The containers may also contain a limited amount of liquids. The energy released from radioactive materials will dissociate water into hydrogen and oxygen (radiolysis). This could then create a potentially explosive environment inside the container. The containers must be vented, as well, to prevent this from happening.
Principle
Waste is placed in rooms 2,150 feet (660 m) underground that have been excavated within a 3,000-foot (910 m) thick salt formation (Salado and Castile Formations) where salt tectonics have been stable for more than 250 million years. Because of plasticity effects, salt and water will flow to any cracks that develop, a major reason why the area was chosen as a host medium for the WIPP project. Because drilling or excavation in the area will be hazardous long after the area is actively used, there are plans to construct markers to deter inadvertent human intrusion for the next ten thousand years.[11][12][13]
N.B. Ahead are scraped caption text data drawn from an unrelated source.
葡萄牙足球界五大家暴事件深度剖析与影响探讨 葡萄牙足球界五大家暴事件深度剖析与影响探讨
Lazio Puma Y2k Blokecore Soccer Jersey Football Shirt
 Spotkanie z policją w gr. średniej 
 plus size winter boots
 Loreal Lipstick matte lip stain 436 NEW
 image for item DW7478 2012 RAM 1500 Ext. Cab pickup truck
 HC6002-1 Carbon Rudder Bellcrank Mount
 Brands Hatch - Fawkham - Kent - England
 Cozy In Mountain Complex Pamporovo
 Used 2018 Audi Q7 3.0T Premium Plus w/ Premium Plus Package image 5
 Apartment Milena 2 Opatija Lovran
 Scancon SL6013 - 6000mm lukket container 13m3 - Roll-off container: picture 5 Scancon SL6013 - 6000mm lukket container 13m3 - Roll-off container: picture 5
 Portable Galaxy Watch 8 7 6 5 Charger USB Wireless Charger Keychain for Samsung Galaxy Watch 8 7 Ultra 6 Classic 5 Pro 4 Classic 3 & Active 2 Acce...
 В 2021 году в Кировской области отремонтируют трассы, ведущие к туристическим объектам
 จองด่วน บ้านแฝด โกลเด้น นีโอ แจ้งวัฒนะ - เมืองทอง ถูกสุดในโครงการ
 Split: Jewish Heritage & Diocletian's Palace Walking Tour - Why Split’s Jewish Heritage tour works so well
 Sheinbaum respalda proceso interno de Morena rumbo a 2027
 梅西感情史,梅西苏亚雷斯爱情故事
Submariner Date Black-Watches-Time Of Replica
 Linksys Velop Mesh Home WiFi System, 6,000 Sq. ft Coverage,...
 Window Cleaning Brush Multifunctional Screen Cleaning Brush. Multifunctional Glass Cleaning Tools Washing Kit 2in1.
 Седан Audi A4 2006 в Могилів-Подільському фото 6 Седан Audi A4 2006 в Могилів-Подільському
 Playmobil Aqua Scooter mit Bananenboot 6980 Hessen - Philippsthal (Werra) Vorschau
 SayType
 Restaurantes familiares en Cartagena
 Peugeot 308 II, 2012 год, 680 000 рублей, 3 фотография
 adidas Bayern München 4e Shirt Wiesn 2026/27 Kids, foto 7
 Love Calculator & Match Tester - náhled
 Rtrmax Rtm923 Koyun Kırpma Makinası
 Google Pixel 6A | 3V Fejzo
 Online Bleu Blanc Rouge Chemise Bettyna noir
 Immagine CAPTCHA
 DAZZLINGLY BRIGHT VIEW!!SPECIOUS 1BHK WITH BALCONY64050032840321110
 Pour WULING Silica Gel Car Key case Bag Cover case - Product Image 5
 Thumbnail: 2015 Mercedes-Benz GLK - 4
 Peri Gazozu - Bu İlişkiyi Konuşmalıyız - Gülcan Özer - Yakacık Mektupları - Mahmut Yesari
The Salado Formation is a massive bedded salt deposit (>99% NaCl) that has a simple hydrogeology. Because massive NaCl is somewhat plastic and holes close under pressure, the rock becomes non-porous by effectively closing pores and fractures. This has a significant effect on the overall hydraulic conductivities (water permeabilities) and molecular diffusion coefficients. These are on the order of ≤10−14 m/s and ≤10−15 m2/s respectively.[49][50]
- Storage of radioactive waste at WIPP
- Labeled 100-gallon drums staged for downloading and emplacement in the repository
- The DOSCO rotary head mining machine at WIPP
Warning messages for future humans
Since 1983, the DOE has been working with linguists, archaeologists, anthropologists, materials scientists, science fiction writers, and futurists to come up with a warning system.[51] For the case of the WIPP, the markers, called "passive institutional controls", will include an outer perimeter of thirty-two 25-foot-tall (7.6 m) granite pillars built in a four-mile (6 km) square. These pillars will surround an earthen wall, 33 feet (10 m) tall and 100 feet (30 m) wide. Enclosed within this wall will be another 16 granite pillars. At the center, directly above the waste site, will sit a roofless, 15-foot (4.6 m) granite room providing more information. The team intends to etch warnings and informational messages into the granite slabs and pillars.
This information will be recorded in the six official languages of the United Nations (English, Spanish, Russian, French, Chinese, Arabic) as well as the Native American Navajo language native to the region, with additional space for translation into future languages. Pictograms are also being considered, such as stick figure images and the iconic The Scream from Edvard Munch's painting. Complete details about the plant will not be stored on site; instead, they would be distributed to archives and libraries around the world. The team plans to submit their final plan to the U.S. Government by around 2028.[52]
- Design for the WIPP information room
- A proposed notice for the markers outlining a 16 sq mi (41 km2) exclusion area around the WIPP facility.[53]
- Proposed design for small disks that will be randomly scattered and buried within the controlled zone, to warn people digging that it is dangerous and they should stop.[53]
- A proposed notice for the markers on the actual site of the repository.[53]
- The conceptual design of warning markers at the WIPP site.
Underground laboratory
A portion of the site is used to house underground physics experiments[54] which require shielding from cosmic rays. Although only moderately deep as such laboratories go (1585 meter water equivalent shielding[55]:8), the site has several advantages. The salt is easy to excavate,[56]:24 dry (no water to pump out), and salt is much lower in naturally occurring radionuclides than rock.[57]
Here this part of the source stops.